Attaching the device to a massive whale is not always easy, as the mammals are wary of humans. Calambokidis and his fellow researchers relied on a small, fast boat that got them close enough to extend a 12-foot fishing pole, on which dangled a Crittercam with large suction cups. At first, they had only a 10 percent success rate attaching the recorders, but now they do better than 50 percent.
"It took us a while to have the proper approach technique," Calambokidis said, adding that the video and sound recording have greatly enhanced scientists' understanding of blue whale breeding behavior.
Even when scientists manage to attach the camera, there's no guarantee it will stay there.
Four years ago, Stewart Breck, a research wildlife biologist at the Agriculture Department's National Wildlife Research Center in Fort Collins, Colo., attached a collar holding a Crittercam to a 200-pound, young adult black bear in Yosemite National Park for a study of how bears forage. Beck and his colleagues retrieved three hours of footage that showed the bear trying to break into campers' food lockers -- until the bear managed to pull the collar over its head and toss it away.
"It was a bear just notorious for being able to pull collars off," Breck said. "But they're not all like that."
Other animals have been more accommodating. Between 1995 and 2000, NOAA scientists deployed Crittercams on 44 endangered Hawaiian monk seals at French Frigate Shoals in the Northwestern Hawaiian Islands, and the footage has reshaped their understanding of how the seals feed.

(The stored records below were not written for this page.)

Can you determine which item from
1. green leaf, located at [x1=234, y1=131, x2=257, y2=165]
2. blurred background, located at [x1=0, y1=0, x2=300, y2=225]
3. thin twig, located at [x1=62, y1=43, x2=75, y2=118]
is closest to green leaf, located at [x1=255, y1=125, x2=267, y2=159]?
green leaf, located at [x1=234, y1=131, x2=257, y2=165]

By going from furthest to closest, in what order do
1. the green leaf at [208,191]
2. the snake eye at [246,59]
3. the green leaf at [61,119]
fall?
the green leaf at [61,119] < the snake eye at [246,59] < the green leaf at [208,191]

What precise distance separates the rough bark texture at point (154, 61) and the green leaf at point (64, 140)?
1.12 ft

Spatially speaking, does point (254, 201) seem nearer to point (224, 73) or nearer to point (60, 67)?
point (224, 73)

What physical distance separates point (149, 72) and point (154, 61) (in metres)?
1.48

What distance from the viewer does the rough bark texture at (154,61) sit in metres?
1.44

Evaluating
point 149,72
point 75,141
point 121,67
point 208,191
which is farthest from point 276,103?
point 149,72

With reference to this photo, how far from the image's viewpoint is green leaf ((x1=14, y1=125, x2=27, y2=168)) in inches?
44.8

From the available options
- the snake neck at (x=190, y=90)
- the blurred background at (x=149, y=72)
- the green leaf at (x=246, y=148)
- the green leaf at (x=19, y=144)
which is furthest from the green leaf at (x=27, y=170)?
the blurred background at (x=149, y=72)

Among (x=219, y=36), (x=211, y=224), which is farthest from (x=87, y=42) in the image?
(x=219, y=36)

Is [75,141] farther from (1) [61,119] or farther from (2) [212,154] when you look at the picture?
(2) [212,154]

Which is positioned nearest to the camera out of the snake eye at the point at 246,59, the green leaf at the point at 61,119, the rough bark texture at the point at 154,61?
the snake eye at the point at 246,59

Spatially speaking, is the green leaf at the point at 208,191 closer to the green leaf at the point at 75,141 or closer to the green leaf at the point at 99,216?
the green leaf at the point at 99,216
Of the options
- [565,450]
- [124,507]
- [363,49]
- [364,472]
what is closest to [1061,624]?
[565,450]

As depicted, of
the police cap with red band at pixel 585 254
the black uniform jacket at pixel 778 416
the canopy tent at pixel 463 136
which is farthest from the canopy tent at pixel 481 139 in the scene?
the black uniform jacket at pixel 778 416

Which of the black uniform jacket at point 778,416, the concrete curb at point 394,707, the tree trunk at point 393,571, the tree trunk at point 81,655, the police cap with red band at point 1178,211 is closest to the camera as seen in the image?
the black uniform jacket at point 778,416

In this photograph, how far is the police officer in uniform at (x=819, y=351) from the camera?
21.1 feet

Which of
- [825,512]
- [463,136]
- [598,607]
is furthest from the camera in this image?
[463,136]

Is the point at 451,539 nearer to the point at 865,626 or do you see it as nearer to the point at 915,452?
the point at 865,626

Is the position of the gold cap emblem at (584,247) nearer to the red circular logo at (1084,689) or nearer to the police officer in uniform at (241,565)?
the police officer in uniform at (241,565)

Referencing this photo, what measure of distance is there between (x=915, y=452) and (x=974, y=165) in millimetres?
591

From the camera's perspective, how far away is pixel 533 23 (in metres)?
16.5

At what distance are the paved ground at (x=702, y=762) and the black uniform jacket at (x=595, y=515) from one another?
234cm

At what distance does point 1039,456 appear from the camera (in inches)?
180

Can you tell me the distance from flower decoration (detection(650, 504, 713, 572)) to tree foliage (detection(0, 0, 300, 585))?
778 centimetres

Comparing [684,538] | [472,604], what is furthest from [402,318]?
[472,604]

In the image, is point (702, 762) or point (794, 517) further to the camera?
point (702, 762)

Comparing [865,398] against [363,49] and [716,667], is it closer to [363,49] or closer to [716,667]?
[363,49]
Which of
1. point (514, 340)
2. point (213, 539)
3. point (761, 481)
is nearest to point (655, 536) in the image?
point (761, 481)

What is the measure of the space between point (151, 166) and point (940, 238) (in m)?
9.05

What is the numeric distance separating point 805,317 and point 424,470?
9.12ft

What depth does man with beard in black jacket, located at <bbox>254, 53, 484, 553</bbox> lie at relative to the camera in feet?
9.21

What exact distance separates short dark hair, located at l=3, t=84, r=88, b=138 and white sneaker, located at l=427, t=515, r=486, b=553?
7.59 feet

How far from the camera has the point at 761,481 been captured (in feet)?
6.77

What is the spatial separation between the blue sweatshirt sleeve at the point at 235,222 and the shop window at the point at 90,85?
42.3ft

After discovering that the seals feed on the deep slopes of the atoll rather than just in its shallow reefs, and that the animals can flip boulders over underwater to reach fish and other prey beneath, NOAA officials are rethinking how best to protect the seals' habitat.
Researchers have also used Crittercams to wage public relations campaigns aimed at humans. After capturing spectacular underwater footage by attaching cameras three dozen times to the backs of black sea turtles, Jeffrey A. Seminoff, an ecologist with the National Marine Fisheries Service, held "movie nights" in the Mexican town of Bahia de los Angeles to persuade local residents not to eat the turtles.
"This is a community where you could drive down the street and smell turtles cooking in pots," Seminoff said. "We gave them a sea turtle eye's view of habitat that's outside their back yards. We had a campaign: each month, release one turtle. I think the Crittercam helped us achieve that."